Wiesław Ochman (; born 6 February 1937) is a Polish tenor.

Life and career 
In 1960, he graduated from the AGH University of Science and Technology in Kraków. Ochman began learning voice under the direction of Gustaw Serafin in Kraków (1955–1959) and Maria Szłapak in Bytom (1960–1963). In 1960, he joined the Silesian Opera in Bytom, where he sang for three seasons, in 1963 and 1964; and then, at the Opera Krakowska. He performed at the Teatr Wielki in Warsaw from 1964 till 1970. In 1965 he sang the tenor lead Jontek in the "national Polish opera" Halka by Stanisław Moniuszko in the opening performance in the reconstructed Teatr Wielki. He recorded that role and it is now available on compact disc.
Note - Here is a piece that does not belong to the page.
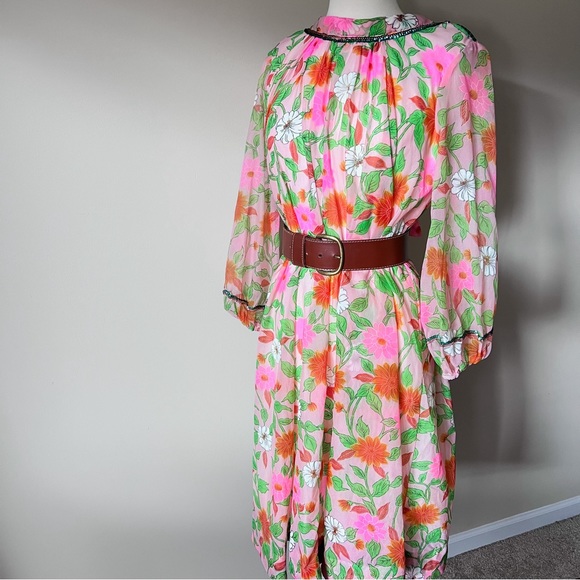 Vintage Dresses & Skirts - 60s Vibrant Floral Dress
Wiesław Ochman began his international career in 1967 with the Berlin State Opera. He sang in Munich and Hamburg. He achieved his first successes in competition at festivals in Glyndebourne and Salzburg. In 1972, he was engaged by the Paris Opera, and consecutively by operas in Chicago and San Francisco. He also performed in Milan's La Scala, Buenos Aires, Madrid, Moscow and Vienna. In 1975 with the role of Arrigo in the opera The Sicilian Vespers by Giuseppe Verdi, Ochman made his debut at New York's  Metropolitan Opera.

Wiesław Ochman recorded 31 vinyl records, most of them in Poland.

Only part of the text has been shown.